La corrupción es un mal cultural de profunda raigambre en sociedades como la colombiana.
¿Solo ahora?
Tolerar la corrupción, es decir, permitirle que continúe causando estragos con el país, es una forma de corrupción, moralmente tan o más grave que la que se registra en las dependencias públicas, por ejemplo.
Callar, por ejemplo, ante el corrupto que se adueña del presupuesto, es peor que robarlo, porque la persona que lo tolera está permitiendo que le roben lo que en justicia le corresponde para su bienestar.
Es oportuno aclarar que corrupto no es solo el ladrón de cuello blanco que dispone a su antojo del dinero del Estado; también lo es quien tuerce las leyes o sus actos como funcionario para su beneficio o el de alguien. Así, es corrupto el funcionario que tiene conocimiento de las acciones ilícitas de sus compañeros de dependencia y calla, por la razón que sea.
La corrupción es un mal cultural de profunda raigambre en sociedades como la colombiana, en la que incumplir las normas legales es generalizado, tanto como pagar coimas, alterar medidores (incluidas básculas, taxímetros…), saltarse turnos y colas, cobrar y pagar por lo indebido…, en fin, sería interminable enumerar las muestras de la corrupción debidas a la cultura de la ilegalidad que nos devora.

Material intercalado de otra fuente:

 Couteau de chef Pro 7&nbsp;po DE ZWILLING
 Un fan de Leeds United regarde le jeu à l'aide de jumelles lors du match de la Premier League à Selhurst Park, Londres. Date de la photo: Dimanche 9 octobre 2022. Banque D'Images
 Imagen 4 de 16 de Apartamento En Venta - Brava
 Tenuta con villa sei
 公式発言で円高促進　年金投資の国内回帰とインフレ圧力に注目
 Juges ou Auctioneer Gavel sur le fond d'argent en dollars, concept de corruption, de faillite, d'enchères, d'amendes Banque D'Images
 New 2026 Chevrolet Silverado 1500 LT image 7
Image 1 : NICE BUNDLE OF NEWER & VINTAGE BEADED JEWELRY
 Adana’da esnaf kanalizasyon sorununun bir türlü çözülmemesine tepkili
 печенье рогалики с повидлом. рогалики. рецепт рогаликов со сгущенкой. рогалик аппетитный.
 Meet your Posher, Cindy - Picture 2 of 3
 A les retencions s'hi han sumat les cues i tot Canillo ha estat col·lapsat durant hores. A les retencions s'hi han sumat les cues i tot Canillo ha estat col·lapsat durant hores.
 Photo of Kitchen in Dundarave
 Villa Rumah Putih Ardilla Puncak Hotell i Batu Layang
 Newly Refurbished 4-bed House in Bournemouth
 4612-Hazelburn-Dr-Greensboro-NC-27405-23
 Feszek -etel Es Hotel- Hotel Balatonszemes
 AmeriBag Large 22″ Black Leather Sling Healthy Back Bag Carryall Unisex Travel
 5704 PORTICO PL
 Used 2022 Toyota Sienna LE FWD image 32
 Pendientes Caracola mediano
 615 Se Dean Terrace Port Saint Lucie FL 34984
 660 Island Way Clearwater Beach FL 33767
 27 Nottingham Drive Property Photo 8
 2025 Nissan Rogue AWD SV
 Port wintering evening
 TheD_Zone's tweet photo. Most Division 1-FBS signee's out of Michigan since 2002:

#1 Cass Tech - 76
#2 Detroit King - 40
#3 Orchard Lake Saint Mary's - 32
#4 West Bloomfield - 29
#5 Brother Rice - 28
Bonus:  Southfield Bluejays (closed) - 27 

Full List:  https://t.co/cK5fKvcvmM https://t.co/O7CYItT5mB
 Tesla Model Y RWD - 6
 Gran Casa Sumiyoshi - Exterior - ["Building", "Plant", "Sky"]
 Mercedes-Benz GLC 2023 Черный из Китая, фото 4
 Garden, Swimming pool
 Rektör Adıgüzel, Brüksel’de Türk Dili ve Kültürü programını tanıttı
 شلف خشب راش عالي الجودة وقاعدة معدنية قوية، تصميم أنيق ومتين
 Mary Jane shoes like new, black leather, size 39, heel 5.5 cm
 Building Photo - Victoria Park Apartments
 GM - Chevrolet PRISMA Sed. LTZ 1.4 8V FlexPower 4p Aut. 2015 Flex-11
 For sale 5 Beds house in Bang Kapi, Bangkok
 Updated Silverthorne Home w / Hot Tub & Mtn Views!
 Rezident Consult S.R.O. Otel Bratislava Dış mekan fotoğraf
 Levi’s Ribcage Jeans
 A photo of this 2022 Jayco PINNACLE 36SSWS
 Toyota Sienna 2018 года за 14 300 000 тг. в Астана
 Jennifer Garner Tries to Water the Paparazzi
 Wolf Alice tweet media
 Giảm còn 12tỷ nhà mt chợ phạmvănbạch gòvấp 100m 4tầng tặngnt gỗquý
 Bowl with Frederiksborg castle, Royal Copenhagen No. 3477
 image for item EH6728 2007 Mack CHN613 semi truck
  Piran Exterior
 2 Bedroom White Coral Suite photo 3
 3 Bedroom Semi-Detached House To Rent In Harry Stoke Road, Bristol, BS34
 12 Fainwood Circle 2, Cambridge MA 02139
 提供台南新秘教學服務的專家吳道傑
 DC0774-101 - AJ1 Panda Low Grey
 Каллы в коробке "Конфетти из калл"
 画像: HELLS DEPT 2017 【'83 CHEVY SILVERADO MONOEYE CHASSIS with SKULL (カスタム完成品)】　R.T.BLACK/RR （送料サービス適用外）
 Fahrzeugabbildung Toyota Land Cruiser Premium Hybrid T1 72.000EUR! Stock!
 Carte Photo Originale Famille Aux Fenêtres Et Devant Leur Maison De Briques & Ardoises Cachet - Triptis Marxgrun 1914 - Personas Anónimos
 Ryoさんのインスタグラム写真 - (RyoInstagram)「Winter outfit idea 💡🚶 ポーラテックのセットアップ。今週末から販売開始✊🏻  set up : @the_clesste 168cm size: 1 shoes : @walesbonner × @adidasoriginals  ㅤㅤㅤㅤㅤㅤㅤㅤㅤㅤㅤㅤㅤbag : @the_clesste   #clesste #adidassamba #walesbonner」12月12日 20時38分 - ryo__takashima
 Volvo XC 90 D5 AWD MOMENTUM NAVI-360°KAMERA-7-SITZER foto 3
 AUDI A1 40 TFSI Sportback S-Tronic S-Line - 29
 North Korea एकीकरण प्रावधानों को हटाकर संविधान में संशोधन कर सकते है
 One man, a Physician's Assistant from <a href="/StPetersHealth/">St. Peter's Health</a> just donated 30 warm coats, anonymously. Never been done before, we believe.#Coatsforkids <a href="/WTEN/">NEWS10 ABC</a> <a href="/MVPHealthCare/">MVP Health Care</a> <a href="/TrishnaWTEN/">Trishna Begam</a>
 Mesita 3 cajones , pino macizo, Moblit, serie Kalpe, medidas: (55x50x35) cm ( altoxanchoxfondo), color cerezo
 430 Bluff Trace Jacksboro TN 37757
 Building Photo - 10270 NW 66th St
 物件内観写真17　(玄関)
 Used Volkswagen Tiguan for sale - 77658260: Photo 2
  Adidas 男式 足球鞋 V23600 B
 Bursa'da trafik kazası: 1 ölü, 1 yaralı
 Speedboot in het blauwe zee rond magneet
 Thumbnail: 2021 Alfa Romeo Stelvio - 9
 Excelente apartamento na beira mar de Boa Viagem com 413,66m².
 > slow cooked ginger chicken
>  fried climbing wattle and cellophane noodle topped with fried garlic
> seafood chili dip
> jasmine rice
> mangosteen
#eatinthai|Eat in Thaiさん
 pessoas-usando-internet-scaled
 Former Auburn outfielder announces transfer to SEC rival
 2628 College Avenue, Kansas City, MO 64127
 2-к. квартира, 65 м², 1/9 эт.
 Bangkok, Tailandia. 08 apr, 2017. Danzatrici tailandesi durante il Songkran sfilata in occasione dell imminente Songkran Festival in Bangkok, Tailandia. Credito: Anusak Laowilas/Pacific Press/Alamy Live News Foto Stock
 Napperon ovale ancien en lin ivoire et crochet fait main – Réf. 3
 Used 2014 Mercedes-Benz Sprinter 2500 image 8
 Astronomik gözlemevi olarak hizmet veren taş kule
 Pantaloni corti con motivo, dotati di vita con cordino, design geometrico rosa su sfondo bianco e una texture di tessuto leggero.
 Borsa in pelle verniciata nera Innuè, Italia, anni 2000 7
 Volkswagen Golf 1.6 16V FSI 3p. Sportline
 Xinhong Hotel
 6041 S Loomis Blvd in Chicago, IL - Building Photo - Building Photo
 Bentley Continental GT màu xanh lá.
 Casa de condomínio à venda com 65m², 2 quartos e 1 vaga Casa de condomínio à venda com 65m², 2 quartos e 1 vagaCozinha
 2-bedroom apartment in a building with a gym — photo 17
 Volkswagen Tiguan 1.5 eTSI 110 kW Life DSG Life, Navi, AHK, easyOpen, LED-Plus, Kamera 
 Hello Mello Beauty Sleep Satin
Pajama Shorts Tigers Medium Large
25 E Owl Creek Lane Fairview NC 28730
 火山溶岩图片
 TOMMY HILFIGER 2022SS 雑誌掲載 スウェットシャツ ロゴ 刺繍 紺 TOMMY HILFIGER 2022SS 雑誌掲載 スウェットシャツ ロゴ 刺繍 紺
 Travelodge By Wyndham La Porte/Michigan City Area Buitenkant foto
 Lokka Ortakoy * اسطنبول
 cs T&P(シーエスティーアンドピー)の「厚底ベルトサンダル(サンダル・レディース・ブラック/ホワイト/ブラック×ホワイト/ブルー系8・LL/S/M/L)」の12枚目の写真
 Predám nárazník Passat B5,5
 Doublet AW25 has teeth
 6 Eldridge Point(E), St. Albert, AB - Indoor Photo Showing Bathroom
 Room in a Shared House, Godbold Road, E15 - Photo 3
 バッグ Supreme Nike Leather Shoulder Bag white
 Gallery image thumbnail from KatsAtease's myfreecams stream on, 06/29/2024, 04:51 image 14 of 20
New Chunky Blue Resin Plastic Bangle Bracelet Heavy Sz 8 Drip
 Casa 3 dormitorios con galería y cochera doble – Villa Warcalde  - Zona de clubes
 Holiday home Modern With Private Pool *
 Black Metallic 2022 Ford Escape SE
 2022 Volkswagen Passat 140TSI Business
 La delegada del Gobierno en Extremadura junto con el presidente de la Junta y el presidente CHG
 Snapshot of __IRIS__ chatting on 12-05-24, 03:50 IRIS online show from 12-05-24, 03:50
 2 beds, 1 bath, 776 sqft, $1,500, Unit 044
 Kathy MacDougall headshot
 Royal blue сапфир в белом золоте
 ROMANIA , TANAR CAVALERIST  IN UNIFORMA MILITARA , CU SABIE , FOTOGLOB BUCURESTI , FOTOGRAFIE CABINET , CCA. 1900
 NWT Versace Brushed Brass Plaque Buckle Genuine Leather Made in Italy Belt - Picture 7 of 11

Por eso, llama tanto la atención el reciente pronunciamiento de la Asociación Nacional de Empresarios de Colombia (Andi), para declarar que “en el país hay un alto nivel de tolerancia a la corrupción” y señalar aduanas, impuestos y medio ambiente, además de salud, como sectores mayormente proclives a ser corruptos.
Es en los sectores empresariales donde el fenómeno de la corrupción está más extendido, pues son, al menos, los que más tienen que ver, por ejemplo, con lo fiscal, lo aduanero y lo medioambiental.
De todos modos, que el empresariado admita que hay una gran tolerancia hacia la corrupción es un avance esperado. Sin embargo, valdrá mucho la pena si esos mismos sectores se juegan enteros por combatirla hasta exterminarla. Es esta una excelente oportunidad para que la Andi forme en primera fila de combatientes por la pulcritud en los negocios y en la relación del sector privado con el público.
Y con la Andi, todas las agremiaciones empresariales.
Detrás de ellos, sin duda, irán millones de colombianos preocupados por la realidad del país y por el futuro, cada vez más oscuro, de sus hijos como ciudadanos y como miembros de una sociedad a la que hay que rescatar, antes que otras cosas.
En realidad, el combate contra la corrupción debe ser una tarea nacional, que tenga como comienzo la garantía de que los organismos de control funcionen según las normas legales y de que los responsables irán al único lugar donde deben estar: la cárcel, no sus suntuosas mansiones construidas con dinero putrefacto.
Sin duda la Andi había tardado en admitir que entre sus afiliados hay una clara percepción de lo que significa la corrupción.
No lo habían expresado, porque tal vez nadie les había preguntado, pero no puede negarse de que esa percepción es de hace muchos, muchos años.